------ Data ------
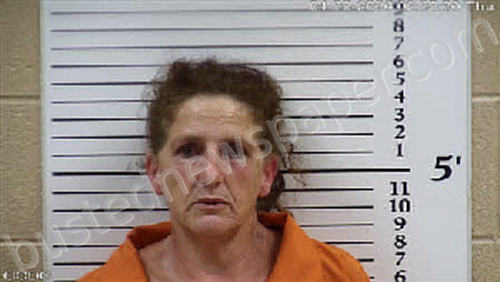 HICKEY, CAMMIE JEAN #, Cherokee County, North Carolina - 2026-04-30 02:17:00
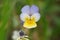 Single blossom of field pansy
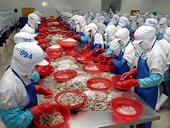 EU sẽ tiếp tục là nơi xuất khẩu hàng đầu của thủy sản VN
------
• About this exercise: Your answer must be exactly the lines from the one with "Single blossom of field pansy" through the final line of the data, with no pictures in it.

• Output of the task:
 Single blossom of field pansy
 EU sẽ tiếp tục là nơi xuất khẩu hàng đầu của thủy sản VN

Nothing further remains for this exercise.